**Prompt:** The lines that make up this material should each be returned exactly.
(Data shown Opens)
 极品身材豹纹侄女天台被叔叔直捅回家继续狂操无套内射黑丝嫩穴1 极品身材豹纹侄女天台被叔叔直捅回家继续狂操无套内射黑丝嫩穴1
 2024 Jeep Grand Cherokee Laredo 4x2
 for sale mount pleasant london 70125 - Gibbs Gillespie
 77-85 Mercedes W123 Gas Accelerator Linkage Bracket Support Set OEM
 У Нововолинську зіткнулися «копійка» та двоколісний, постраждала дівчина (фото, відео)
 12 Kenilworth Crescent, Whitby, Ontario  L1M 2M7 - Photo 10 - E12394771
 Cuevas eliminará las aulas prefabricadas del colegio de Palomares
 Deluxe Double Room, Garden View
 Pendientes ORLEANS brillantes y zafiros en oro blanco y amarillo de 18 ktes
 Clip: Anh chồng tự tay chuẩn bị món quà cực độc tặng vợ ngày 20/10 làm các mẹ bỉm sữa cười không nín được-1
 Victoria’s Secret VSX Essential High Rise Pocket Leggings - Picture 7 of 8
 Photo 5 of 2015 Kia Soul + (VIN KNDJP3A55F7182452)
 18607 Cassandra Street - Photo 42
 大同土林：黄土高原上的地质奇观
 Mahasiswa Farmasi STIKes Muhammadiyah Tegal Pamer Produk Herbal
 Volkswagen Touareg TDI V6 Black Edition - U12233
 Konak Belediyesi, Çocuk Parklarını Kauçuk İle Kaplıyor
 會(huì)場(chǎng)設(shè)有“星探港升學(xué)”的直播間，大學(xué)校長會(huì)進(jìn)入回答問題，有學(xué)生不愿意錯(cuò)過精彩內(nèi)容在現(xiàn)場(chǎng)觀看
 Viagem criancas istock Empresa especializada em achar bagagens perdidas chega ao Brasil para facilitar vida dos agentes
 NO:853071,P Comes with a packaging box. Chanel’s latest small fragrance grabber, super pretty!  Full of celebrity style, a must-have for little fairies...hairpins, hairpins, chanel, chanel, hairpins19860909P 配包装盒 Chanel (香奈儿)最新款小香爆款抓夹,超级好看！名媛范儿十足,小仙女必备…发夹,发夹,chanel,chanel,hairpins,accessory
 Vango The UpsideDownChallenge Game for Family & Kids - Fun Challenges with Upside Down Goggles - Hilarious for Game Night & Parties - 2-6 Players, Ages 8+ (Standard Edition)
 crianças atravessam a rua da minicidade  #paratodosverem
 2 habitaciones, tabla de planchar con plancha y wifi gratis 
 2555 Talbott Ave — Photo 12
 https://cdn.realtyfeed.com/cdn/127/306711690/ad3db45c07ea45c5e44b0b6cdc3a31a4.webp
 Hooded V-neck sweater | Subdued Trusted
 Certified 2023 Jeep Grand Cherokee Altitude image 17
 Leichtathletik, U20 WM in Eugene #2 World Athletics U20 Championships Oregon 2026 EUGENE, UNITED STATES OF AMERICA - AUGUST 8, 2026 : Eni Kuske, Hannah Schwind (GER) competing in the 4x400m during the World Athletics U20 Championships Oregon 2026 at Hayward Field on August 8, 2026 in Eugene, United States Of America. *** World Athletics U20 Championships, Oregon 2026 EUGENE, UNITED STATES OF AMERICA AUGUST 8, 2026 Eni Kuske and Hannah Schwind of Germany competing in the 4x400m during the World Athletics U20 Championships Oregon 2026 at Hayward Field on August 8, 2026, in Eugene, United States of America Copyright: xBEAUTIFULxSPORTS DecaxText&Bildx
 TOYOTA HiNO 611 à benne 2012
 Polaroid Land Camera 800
(Data shown Closes)
**Answer box:**
 极品身材豹纹侄女天台被叔叔直捅回家继续狂操无套内射黑丝嫩穴1 极品身材豹纹侄女天台被叔叔直捅回家继续狂操无套内射黑丝嫩穴1
 2024 Jeep Grand Cherokee Laredo 4x2
 for sale mount pleasant london 70125 - Gibbs Gillespie
 77-85 Mercedes W123 Gas Accelerator Linkage Bracket Support Set OEM
 У Нововолинську зіткнулися «копійка» та двоколісний, постраждала дівчина (фото, відео)
 12 Kenilworth Crescent, Whitby, Ontario  L1M 2M7 - Photo 10 - E12394771
 Cuevas eliminará las aulas prefabricadas del colegio de Palomares
 Deluxe Double Room, Garden View
 Pendientes ORLEANS brillantes y zafiros en oro blanco y amarillo de 18 ktes
 Clip: Anh chồng tự tay chuẩn bị món quà cực độc tặng vợ ngày 20/10 làm các mẹ bỉm sữa cười không nín được-1
 Victoria’s Secret VSX Essential High Rise Pocket Leggings - Picture 7 of 8
 Photo 5 of 2015 Kia Soul + (VIN KNDJP3A55F7182452)
 18607 Cassandra Street - Photo 42
 大同土林：黄土高原上的地质奇观
 Mahasiswa Farmasi STIKes Muhammadiyah Tegal Pamer Produk Herbal
 Volkswagen Touareg TDI V6 Black Edition - U12233
 Konak Belediyesi, Çocuk Parklarını Kauçuk İle Kaplıyor
 會(huì)場(chǎng)設(shè)有“星探港升學(xué)”的直播間，大學(xué)校長會(huì)進(jìn)入回答問題，有學(xué)生不愿意錯(cuò)過精彩內(nèi)容在現(xiàn)場(chǎng)觀看
 Viagem criancas istock Empresa especializada em achar bagagens perdidas chega ao Brasil para facilitar vida dos agentes
 NO:853071,P Comes with a packaging box. Chanel’s latest small fragrance grabber, super pretty!  Full of celebrity style, a must-have for little fairies...hairpins, hairpins, chanel, chanel, hairpins19860909P 配包装盒 Chanel (香奈儿)最新款小香爆款抓夹,超级好看！名媛范儿十足,小仙女必备…发夹,发夹,chanel,chanel,hairpins,accessory
 Vango The UpsideDownChallenge Game for Family & Kids - Fun Challenges with Upside Down Goggles - Hilarious for Game Night & Parties - 2-6 Players, Ages 8+ (Standard Edition)
 crianças atravessam a rua da minicidade  #paratodosverem
 2 habitaciones, tabla de planchar con plancha y wifi gratis 
 2555 Talbott Ave — Photo 12
 https://cdn.realtyfeed.com/cdn/127/306711690/ad3db45c07ea45c5e44b0b6cdc3a31a4.webp
 Hooded V-neck sweater | Subdued Trusted
 Certified 2023 Jeep Grand Cherokee Altitude image 17
 Leichtathletik, U20 WM in Eugene #2 World Athletics U20 Championships Oregon 2026 EUGENE, UNITED STATES OF AMERICA - AUGUST 8, 2026 : Eni Kuske, Hannah Schwind (GER) competing in the 4x400m during the World Athletics U20 Championships Oregon 2026 at Hayward Field on August 8, 2026 in Eugene, United States Of America. *** World Athletics U20 Championships, Oregon 2026 EUGENE, UNITED STATES OF AMERICA AUGUST 8, 2026 Eni Kuske and Hannah Schwind of Germany competing in the 4x400m during the World Athletics U20 Championships Oregon 2026 at Hayward Field on August 8, 2026, in Eugene, United States of America Copyright: xBEAUTIFULxSPORTS DecaxText&Bildx
 TOYOTA HiNO 611 à benne 2012
 Polaroid Land Camera 800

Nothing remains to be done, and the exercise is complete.